Pour qui vous prenez-vous ?

Un ete sans fin

Dans son dernier livre, Serge Koster, homme de lettres, critique littéraire et auteur de nombreux livres, s’interroge sur son sentiment d’(in)succès littéraire (en tout cas, pas à la hauteur de ses espérances).

Je vous invite à lire cet extrait en termes de transmission de (notre) savoir. L’écrivain veut transmettre quelque chose. Chacun d’entre nous, nous transmettons à nos enfants, à notre entourage, à nos collègues, à nos collaborateurs, à nos clients ou fournisseurs…

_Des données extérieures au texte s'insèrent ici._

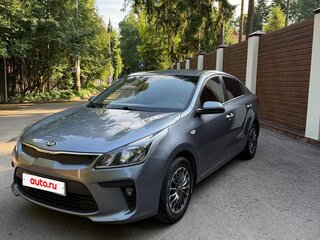 2019 Kia Rio IV, серый, 1470000 рублей, вид 4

Mais prenons-nous bien en compte notre auditoire ? Ne confondons-nous pas le contenant et le contenu ? La difficulté de faire passer nos idées dans un échange, lors d’une réunion ou par écrit ne vient-elle pas que nous ne prenons pas assez en compte l’autre, en pensant que notre raisonnement est le bon raisonnement ? 

« « Pour qui vous prenez-vous ? » telle est la question avec laquelle Martin Nadeau lançait en 2004 une enquête auprès d’un certain nombre d’écrivains pour le compte de « La Quinzaine Littéraire ».

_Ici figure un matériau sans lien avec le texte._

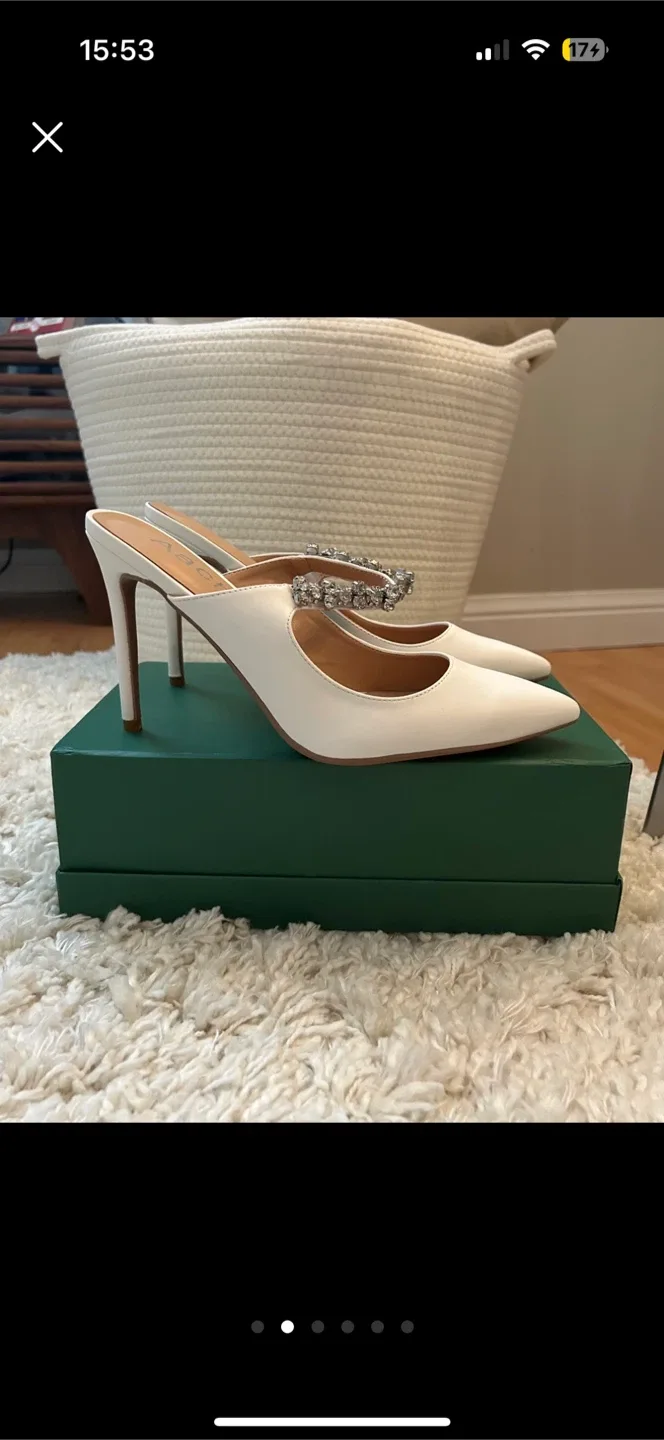 White Rhinestone Slingback Pumps - Size 9 image indicator(3)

[Autrefois, j’aurais dit] je serais un grand écrivain. Aujourd’hui, il me vient à l’esprit quelque chose comme : « pour moi-même ».

J’étais ce garçon qui, aimant lire, s’affirmait candidat à la renommée, ne doutant pas d’écrire bien et que le public rendrait justice à son style. C’était esquiver les données concrètes de l’affaire. Pourquoi écrit-on ?  Écrit-on pour soi ou pour autrui ? Vise-t-on à s’accomplir ou à s’établir ? […] Je me flattais de réunir une armée d’inconnus qui accourraient en nombre pour assouvir le besoin de mon œuvre à venir. On m’attendait. Je m’attendais.

J’ai laissé passer les années […] sans réfléchir à la perception du lecteur, que je me figurais idéal, ni au commerce de la librairie, qui défend ses propres intérêts. Le lecteur se préoccupe médiocrement du style. Il a d’autres critères. Il veut de la narration, de la psychologie, de l’évasion, de la curiosité, quoi d’autre encore !

Revenu de mes erreurs et de mes illusions, je médite sur la contradiction des écrivains qui affectent leur liberté à l’égard des lecteurs tout en réclamant à ces lecteurs leur quota de reconnaissance. »    

Vous pouvez rester éthique vis-à-vis de vous-même dans le contenu tout en l’adaptant au mode de pensée et attentes de votre interlocuteur. Malheureusement, dans un pays de culture de la joute orale ou écrite, nous apprenons à flatter nos amis (et nous-même) qu’à prendre en compte et convaincre les autres.

Et vous, savez-vous faire la part entre le contenu et le contenant de votre discours ? Je suis sûr que « oui » et que tout un chacun assimile ce que vos lui transmettez.